- [SOURCE DATA]
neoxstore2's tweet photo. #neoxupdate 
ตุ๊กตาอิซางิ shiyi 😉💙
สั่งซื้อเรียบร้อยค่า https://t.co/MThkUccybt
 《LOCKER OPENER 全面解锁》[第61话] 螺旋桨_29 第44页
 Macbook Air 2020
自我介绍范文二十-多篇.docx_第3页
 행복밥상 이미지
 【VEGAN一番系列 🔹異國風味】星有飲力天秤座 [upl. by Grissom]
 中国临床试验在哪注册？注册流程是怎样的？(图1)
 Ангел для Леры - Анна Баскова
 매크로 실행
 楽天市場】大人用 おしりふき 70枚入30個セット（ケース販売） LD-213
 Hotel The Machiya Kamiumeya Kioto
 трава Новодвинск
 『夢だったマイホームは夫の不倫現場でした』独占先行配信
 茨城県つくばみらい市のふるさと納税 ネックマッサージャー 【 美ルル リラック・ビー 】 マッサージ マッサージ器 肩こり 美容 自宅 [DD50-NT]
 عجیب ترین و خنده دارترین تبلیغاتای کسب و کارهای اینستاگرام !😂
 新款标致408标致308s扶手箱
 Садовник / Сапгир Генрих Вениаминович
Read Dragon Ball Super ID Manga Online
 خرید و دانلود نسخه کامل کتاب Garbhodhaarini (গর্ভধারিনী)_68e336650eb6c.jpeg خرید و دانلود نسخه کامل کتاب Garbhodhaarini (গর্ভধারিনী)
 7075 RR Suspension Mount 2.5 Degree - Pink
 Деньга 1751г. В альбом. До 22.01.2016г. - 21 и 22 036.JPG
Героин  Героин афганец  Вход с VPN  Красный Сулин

- [TASK DETAILS] Repeat only what runs from the line holding "Садовник / Сапгир Генрих Вениаминович" to the end of the data, keeping every line exactly as written, first and last included.

- [FINAL ANSWER]
 Садовник / Сапгир Генрих Вениаминович
Read Dragon Ball Super ID Manga Online
 خرید و دانلود نسخه کامل کتاب Garbhodhaarini (গর্ভধারিনী)_68e336650eb6c.jpeg خرید و دانلود نسخه کامل کتاب Garbhodhaarini (গর্ভধারিনী)
 7075 RR Suspension Mount 2.5 Degree - Pink
 Деньга 1751г. В альбом. До 22.01.2016г. - 21 и 22 036.JPG
Героин  Героин афганец  Вход с VPN  Красный Сулин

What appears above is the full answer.